Hantavirus: lo que debe saber sin caer en el miedo
Mitos, realidades y medidas simples de prevención para proteger a su familia
Dr. Shapiro
Durante las últimas semanas, el hantavirus ha vuelto a aparecer en conversaciones, noticias y redes sociales. Eso ha generado preocupación, dudas y mucha desinformación. Como médico, lo más importante que puedo hacer es ayudarte a separar lo real de lo falso, y darte herramientas para protegerte sin caer en miedo innecesario.
El hantavirus no es nuevo. Se conoce desde hace décadas y existen diferentes tipos según la región del mundo. La mayoría de los casos ocurren por exposición a roedores infectados, no por contagio entre personas.
Mito: cualquier contacto con una rata significa infección inmediata. Realidad: el riesgo aumenta cuando hay contacto con orina, saliva o excremento de roedores infectados, especialmente en espacios cerrados y mal ventilados donde las partículas quedan suspendidas en el aire.
Mito: todos los hantavirus se transmiten fácilmente entre humanos. Realidad: la gran mayoría no tiene transmisión de persona a persona. El virus Andes, identificado principalmente en Sudamérica, ha mostrado casos limitados de transmisión humana en contacto cercano y prolongado, pero su capacidad de contagio es mucho menor que enfermedades como COVID-19 o sarampión.
Mito: todos los roedores tienen hantavirus. Realidad: diferentes especies portan distintos tipos según la región. En Estados Unidos, el principal portador es el deer mouse, o ratón ciervo.
Mito: limpiar rápido resuelve el problema.

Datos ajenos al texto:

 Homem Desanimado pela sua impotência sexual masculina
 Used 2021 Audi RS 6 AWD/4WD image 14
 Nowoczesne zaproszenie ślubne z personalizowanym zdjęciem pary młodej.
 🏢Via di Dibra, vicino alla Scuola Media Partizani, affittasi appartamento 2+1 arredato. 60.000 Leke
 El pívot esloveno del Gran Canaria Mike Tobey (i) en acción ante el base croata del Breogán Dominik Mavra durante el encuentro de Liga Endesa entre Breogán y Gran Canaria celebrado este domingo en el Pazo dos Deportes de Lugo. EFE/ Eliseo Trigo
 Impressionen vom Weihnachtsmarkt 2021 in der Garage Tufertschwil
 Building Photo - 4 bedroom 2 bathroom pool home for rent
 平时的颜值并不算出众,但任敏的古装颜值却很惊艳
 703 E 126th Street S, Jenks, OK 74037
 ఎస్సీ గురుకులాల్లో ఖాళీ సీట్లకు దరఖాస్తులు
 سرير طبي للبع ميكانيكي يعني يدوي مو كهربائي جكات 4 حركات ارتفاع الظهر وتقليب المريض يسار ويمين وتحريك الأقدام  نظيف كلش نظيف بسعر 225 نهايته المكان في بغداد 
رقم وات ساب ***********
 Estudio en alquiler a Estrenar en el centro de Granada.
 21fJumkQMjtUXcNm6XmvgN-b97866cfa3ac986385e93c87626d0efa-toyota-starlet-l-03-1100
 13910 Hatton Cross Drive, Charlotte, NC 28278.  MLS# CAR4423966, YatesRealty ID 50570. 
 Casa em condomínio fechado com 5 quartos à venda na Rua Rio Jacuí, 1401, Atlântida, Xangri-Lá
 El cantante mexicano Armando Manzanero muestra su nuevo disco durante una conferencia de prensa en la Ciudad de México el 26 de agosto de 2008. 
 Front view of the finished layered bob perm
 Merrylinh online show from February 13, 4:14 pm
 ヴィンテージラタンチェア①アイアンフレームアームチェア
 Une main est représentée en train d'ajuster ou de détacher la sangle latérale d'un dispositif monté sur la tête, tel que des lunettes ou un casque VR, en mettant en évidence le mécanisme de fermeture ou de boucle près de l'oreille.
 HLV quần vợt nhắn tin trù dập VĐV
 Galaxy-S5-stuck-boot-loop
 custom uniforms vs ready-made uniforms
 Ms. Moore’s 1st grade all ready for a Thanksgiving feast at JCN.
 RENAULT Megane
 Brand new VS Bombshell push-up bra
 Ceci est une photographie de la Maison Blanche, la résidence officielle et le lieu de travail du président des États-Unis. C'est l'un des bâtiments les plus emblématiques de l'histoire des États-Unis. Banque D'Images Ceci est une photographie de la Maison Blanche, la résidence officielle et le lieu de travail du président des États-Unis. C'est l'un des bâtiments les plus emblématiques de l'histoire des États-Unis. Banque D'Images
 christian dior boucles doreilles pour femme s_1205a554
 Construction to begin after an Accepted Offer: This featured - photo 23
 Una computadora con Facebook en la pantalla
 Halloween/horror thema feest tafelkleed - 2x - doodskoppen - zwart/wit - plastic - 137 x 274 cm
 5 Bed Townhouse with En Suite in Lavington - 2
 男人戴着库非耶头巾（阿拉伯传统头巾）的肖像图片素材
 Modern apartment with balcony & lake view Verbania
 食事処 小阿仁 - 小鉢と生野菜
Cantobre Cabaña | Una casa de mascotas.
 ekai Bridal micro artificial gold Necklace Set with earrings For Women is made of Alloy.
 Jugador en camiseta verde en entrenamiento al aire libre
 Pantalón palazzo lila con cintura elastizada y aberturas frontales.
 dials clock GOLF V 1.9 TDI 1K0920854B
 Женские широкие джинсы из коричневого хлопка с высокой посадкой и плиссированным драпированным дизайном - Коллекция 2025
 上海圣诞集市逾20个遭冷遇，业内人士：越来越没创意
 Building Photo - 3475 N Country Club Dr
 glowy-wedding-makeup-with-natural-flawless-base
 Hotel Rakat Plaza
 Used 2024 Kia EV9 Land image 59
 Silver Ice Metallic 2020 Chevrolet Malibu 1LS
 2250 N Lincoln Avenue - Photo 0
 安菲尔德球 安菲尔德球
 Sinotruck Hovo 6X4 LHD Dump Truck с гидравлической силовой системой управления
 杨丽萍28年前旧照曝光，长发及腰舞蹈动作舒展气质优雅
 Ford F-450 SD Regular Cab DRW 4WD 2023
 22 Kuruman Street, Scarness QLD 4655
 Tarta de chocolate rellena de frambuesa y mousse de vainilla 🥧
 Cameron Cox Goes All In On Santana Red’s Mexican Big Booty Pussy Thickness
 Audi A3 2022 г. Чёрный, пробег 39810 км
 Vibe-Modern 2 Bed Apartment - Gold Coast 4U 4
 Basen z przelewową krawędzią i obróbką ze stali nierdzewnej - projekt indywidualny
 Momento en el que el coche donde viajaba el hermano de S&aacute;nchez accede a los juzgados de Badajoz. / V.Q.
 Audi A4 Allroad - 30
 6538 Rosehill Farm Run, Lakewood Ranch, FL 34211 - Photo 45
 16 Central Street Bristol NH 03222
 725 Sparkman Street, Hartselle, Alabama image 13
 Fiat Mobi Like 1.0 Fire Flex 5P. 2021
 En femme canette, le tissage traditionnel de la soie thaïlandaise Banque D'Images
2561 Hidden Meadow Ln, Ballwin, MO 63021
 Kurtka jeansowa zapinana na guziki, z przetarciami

Realidad: barrer o aspirar en seco puede aumentar el riesgo porque levanta partículas al aire. Lo correcto es ventilar primero, usar guantes y desinfectantes adecuados antes de limpiar.
Los síntomas iniciales pueden parecerse a otras infecciones comunes:
• Fiebre
• Dolores musculares
• Fatiga
• Náusea
• Dolor de cabeza
• Dificultad para respirar en casos más graves
Buscar atención médica temprana puede marcar una gran diferencia.
La prevención sigue siendo la herramienta más poderosa:
• Sella entradas de roedores en tu hogar
• Almacena alimentos correctamente
• Evita la acumulación de basura
• Ventila espacios cerrados antes de limpiarlos
• Usa protección adecuada al limpiar áreas contaminadas
La desinformación genera miedo, confusión y malas decisiones. Necesitamos conversaciones basadas en evidencia, ciencia y prevención para proteger a nuestras familias y comunidades.